__What is needed__: Go through the material below and count the lines containing the word "Camera". Give that number by itself.

====

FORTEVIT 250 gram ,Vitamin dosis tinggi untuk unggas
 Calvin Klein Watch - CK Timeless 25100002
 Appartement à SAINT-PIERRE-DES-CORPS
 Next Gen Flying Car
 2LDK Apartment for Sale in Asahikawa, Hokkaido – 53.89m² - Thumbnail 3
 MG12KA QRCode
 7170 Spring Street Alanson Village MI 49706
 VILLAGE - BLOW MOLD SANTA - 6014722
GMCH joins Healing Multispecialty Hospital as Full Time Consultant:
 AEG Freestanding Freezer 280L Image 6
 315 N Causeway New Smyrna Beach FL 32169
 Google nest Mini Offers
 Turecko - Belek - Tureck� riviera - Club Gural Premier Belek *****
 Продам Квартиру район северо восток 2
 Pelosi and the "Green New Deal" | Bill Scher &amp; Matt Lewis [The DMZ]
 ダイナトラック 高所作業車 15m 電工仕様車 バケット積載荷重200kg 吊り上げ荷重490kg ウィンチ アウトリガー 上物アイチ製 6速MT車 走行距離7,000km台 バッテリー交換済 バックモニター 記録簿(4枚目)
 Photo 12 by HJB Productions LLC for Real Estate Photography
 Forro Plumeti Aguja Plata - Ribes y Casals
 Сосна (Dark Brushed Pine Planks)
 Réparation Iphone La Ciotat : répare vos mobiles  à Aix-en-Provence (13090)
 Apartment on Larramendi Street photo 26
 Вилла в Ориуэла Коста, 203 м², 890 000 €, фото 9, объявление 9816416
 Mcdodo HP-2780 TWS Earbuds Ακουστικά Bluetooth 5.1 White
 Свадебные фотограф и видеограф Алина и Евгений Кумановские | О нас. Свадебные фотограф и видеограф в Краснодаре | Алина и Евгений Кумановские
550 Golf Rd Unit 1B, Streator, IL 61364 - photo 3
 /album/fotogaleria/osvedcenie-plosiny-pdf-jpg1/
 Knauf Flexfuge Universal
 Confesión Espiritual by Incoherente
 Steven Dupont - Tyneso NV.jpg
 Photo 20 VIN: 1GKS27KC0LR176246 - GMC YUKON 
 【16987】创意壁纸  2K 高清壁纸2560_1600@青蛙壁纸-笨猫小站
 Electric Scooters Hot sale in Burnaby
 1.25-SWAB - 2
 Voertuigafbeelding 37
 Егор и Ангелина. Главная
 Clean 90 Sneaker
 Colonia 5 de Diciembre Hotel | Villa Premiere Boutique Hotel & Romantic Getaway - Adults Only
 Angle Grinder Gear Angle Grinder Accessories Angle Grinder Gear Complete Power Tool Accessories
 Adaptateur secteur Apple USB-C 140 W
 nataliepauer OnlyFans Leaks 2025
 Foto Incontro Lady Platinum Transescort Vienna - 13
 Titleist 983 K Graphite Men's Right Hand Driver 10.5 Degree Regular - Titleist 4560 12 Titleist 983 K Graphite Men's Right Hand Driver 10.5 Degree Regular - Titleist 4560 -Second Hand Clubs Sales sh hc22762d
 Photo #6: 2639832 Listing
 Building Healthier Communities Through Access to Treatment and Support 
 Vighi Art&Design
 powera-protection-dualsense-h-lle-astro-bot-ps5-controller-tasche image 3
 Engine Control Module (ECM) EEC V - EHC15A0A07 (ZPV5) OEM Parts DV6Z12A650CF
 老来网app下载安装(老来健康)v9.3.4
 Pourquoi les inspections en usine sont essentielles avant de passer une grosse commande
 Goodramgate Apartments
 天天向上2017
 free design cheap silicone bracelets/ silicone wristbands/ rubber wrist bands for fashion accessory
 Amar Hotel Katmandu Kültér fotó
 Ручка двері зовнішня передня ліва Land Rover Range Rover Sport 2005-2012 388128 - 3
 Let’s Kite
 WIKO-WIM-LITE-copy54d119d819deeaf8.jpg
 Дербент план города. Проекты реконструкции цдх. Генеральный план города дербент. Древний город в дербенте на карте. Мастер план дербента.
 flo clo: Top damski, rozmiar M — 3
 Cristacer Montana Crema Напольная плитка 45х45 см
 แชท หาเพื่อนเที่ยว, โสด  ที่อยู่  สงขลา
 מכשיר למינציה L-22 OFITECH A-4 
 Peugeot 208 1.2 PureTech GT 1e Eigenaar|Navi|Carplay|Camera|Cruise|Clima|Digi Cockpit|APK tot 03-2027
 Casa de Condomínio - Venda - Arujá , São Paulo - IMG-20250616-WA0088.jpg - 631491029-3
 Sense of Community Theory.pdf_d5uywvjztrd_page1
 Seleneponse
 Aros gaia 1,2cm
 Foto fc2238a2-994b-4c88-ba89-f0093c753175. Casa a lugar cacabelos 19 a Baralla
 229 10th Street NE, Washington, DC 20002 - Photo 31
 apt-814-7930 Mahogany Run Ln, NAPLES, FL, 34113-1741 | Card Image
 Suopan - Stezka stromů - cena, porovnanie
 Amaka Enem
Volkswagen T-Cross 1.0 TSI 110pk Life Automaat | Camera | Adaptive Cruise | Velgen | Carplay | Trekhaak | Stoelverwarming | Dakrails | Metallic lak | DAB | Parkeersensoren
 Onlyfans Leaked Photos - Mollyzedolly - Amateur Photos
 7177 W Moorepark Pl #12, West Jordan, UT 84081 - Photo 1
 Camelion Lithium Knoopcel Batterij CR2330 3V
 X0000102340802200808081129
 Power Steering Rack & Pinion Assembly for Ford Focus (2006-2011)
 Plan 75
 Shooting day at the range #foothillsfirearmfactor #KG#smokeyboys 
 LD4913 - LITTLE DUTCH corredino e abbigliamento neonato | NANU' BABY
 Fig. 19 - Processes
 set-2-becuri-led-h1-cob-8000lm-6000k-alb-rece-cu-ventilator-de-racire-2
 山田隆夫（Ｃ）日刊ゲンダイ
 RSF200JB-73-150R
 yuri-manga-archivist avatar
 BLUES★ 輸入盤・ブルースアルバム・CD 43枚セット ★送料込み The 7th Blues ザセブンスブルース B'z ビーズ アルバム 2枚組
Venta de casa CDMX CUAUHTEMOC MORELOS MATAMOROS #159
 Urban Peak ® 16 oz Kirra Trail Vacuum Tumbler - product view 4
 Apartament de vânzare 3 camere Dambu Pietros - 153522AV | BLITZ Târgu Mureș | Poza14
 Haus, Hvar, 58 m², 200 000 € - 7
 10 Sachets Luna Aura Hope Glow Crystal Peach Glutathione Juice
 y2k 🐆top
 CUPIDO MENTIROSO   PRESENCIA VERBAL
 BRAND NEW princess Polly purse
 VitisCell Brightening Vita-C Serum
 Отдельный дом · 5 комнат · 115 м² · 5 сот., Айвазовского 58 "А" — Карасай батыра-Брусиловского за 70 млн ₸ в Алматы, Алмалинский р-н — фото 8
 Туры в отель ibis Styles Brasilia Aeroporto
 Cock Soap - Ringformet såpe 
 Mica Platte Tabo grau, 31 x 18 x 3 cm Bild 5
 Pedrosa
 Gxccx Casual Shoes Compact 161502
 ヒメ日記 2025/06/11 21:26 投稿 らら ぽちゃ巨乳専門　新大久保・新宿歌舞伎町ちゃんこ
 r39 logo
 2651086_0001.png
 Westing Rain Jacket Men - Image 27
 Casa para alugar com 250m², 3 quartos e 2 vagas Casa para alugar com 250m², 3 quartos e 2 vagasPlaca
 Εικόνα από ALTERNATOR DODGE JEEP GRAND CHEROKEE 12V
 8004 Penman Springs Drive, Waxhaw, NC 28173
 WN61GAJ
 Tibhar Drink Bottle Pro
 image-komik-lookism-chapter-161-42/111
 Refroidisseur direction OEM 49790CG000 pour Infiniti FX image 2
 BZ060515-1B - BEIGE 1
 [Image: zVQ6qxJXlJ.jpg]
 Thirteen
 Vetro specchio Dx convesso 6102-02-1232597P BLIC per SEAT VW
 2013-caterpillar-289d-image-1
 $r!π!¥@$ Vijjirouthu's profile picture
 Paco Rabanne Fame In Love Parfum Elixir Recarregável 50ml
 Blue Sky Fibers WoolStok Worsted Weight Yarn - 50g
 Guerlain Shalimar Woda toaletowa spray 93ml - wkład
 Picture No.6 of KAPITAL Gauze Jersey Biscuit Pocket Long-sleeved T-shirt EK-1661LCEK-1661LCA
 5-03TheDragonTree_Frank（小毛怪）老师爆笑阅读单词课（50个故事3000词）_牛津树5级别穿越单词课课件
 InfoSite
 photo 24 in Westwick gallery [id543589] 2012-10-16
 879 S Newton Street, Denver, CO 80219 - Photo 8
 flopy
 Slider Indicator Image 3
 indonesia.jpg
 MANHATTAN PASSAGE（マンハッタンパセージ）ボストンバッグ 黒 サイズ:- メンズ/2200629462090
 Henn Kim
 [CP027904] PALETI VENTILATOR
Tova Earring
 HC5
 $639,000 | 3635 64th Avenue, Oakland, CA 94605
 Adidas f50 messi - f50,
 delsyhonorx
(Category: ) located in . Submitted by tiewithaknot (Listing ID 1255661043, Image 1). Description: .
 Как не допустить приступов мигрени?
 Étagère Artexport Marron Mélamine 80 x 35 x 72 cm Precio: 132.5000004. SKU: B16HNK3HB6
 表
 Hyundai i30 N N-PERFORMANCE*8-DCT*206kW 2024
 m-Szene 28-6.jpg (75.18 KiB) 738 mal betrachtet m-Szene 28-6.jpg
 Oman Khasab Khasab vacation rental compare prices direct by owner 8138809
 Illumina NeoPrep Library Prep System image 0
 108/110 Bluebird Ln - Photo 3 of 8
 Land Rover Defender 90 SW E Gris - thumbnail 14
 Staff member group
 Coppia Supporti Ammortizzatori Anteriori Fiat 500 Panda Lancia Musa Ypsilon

====

__Solved problem__: 2